How to complete this task:
Your copy of the listing should match it exactly, only without pictures.

Dataset content:
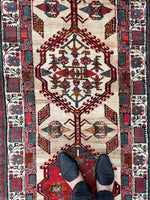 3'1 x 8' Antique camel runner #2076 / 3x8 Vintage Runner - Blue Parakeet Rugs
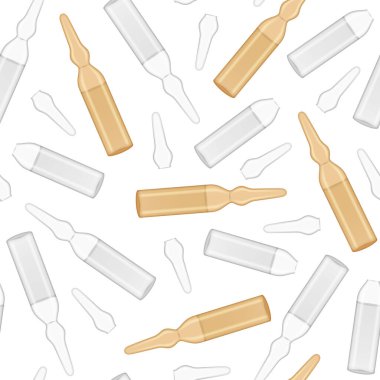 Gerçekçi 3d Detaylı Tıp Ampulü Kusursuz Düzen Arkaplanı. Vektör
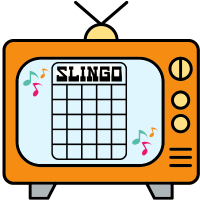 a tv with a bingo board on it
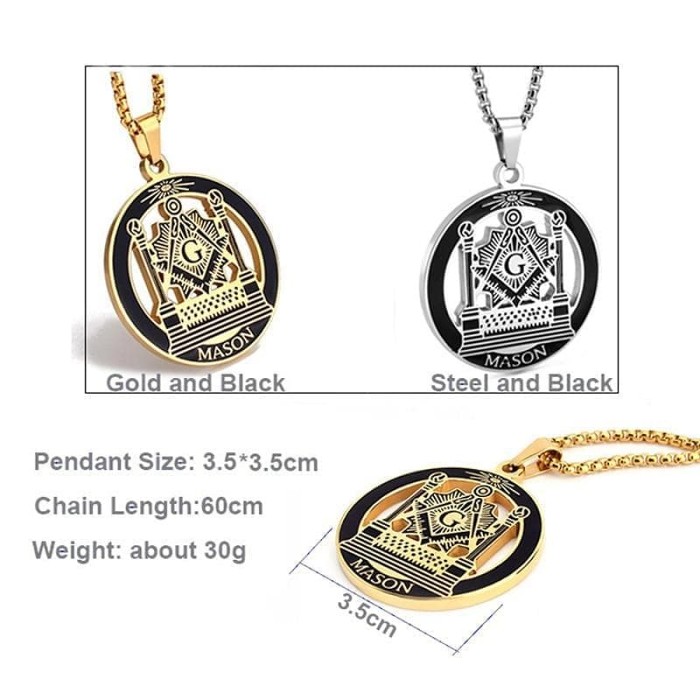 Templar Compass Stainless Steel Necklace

Reply:
 3'1 x 8' Antique camel runner #2076 / 3x8 Vintage Runner - Blue Parakeet Rugs
 Gerçekçi 3d Detaylı Tıp Ampulü Kusursuz Düzen Arkaplanı. Vektör
 a tv with a bingo board on it
 Templar Compass Stainless Steel Necklace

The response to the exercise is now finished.